However, this is very much a hack, and has two big problems: First, this is not perspective-correct, meaning that it looks distorted, however in this example the 3d is so shallow the distortion isn't very visible. More importantly, this uses
/image
objects that update every time someone moves, which incurs a performance penalty if you use too many of them, which makes this infeasable on things like walls.The math for something like this should be pretty trivial - simply add a third row to
/matrix
objects.The result would look like this:
new_x = a*x + b*y + c
new_y = d*x + e*y + f
new_w = g*x + h*y + i
Obviously, the third row would default to 0, 0, 1.
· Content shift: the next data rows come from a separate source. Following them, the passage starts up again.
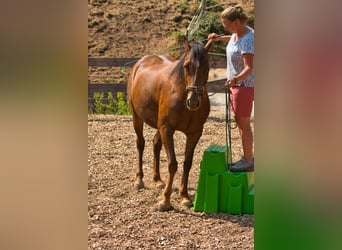 Sonstige Rassen Mix, Stute, 3 Jahre, 151 cm, Dunkelfuchs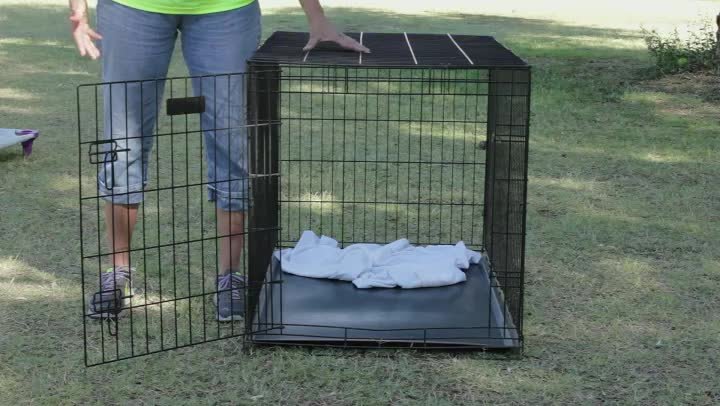 collie x cocker spaniel puppies for sale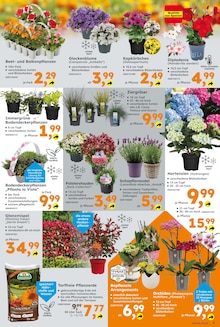 Gartenerde im Globus-Baumarkt Prospekt "Immer eine Idee besser" mit 16 Seiten (Mainz)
Then, you simply divide the x and y by w. This is what OpenGL does. (Make sure whatever shader you are *actually setting the w instead of dividing manually* or the thing will not be perspective-correct). The only caveat here is that you'd have to re-center the coordinate system so that 0,0 is the center of the screen when you do the division and then put the coordinate system back afterwards, otherwise this would do nothing to solve the problem of needing to update image objects per-client.
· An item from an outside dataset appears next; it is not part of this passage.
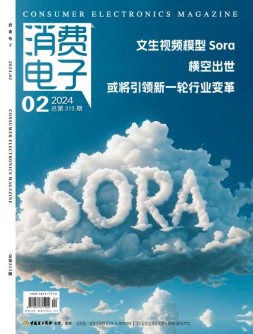 消费电子 24年2月号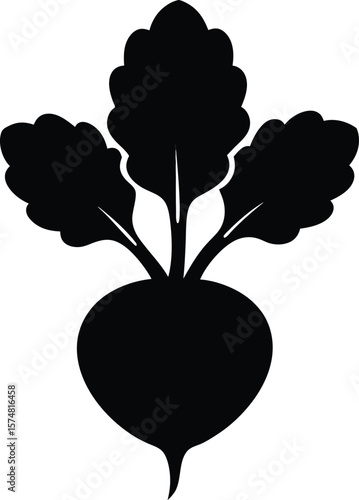 Vector design fresh kohlrabi silhouette for modern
Here's an example matrix that would make something vertical:
transform = matrix(
1, 0, 0,
0, 0, -16,
0, -1/32, 1
)
Another thing that would be important for this is a new appearance flag to hide the back of a face. I don't expect you to go all in and use a Z-buffer or anything, but doing this should help make it so that convex shapes can be displayed sanely.
This isn't rocket science, this is *very* basic math.
I'm open to adding full 3D transforms at some point, but before that can happen the software renderer needs to be retired.